● **What this task involves**
Print all the data below exactly, without images.

START Dataset extract

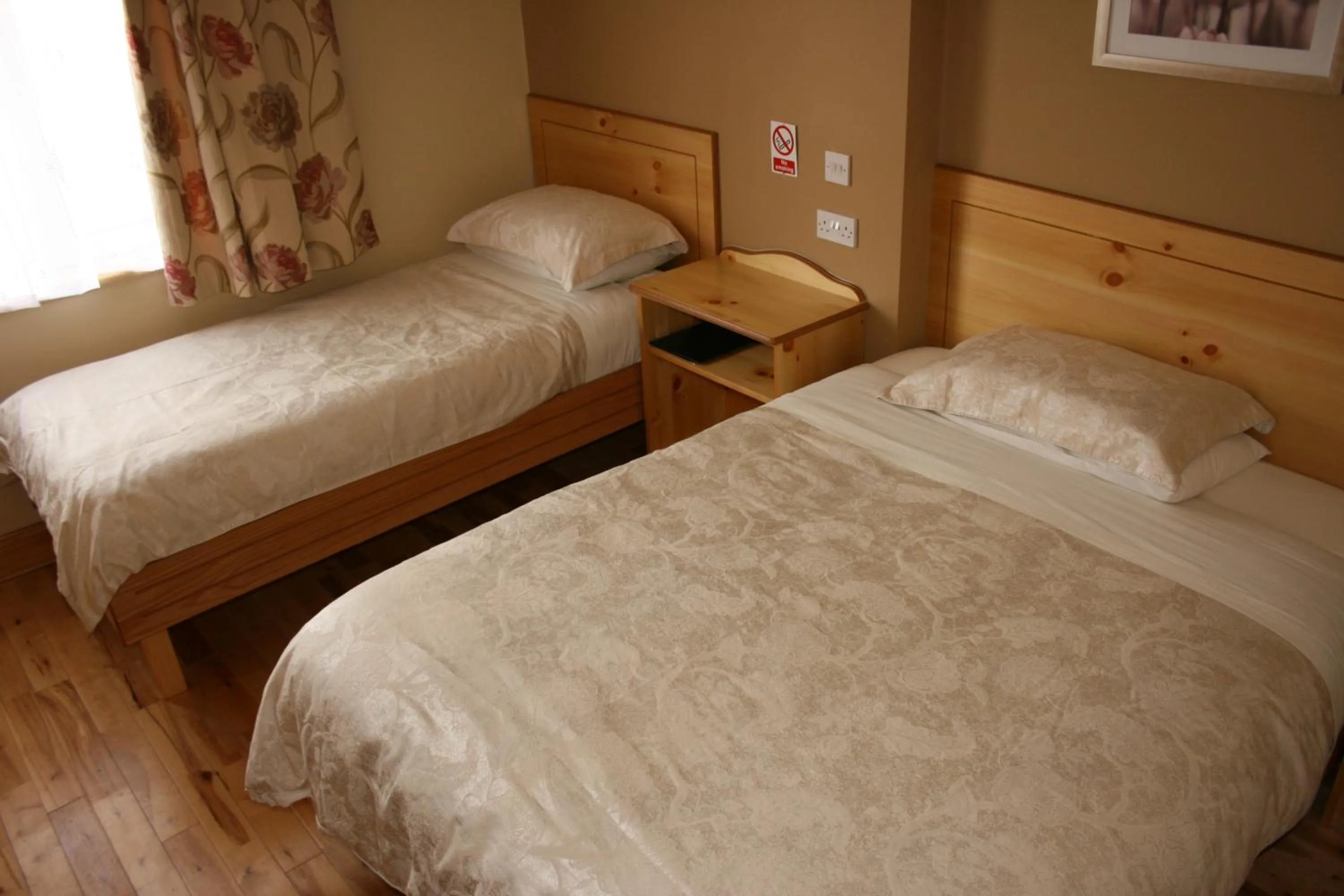 Decorative detail, Bed in Algret House B&B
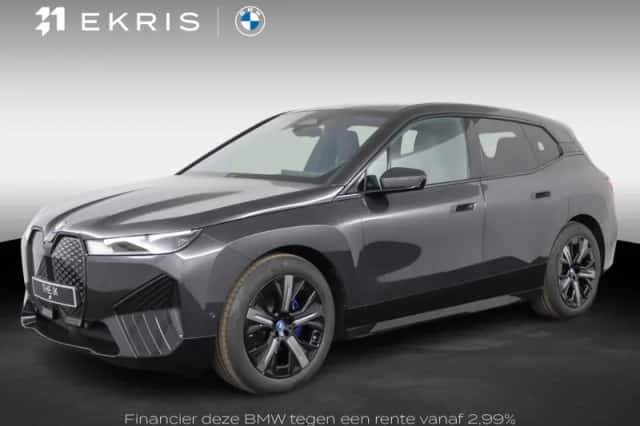 BMW iX (2026) thumbnail 1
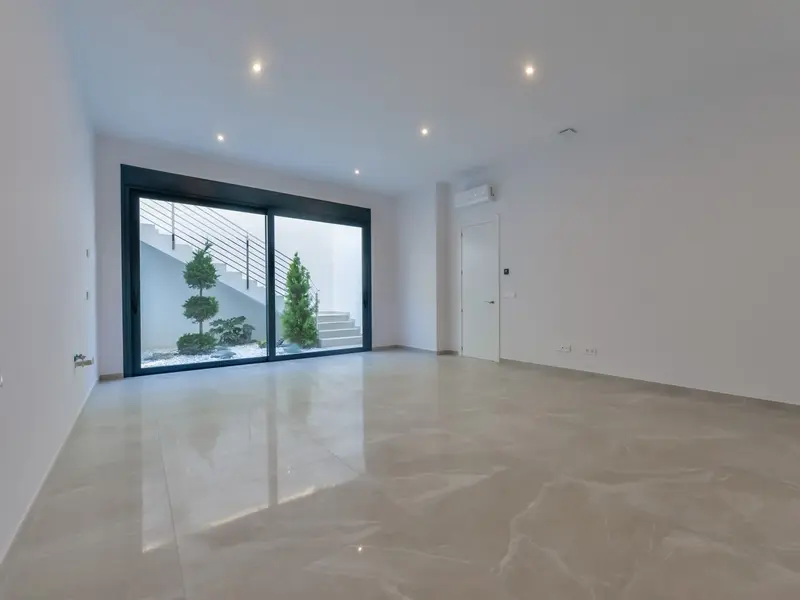 Villa de 8 dormitorios en Finestrat, Costa Blanca — foto 12 de 26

END Dataset extract

● **Answer for this exercise**
 Decorative detail, Bed in Algret House B&B
 BMW iX (2026) thumbnail 1
 Villa de 8 dormitorios en Finestrat, Costa Blanca — foto 12 de 26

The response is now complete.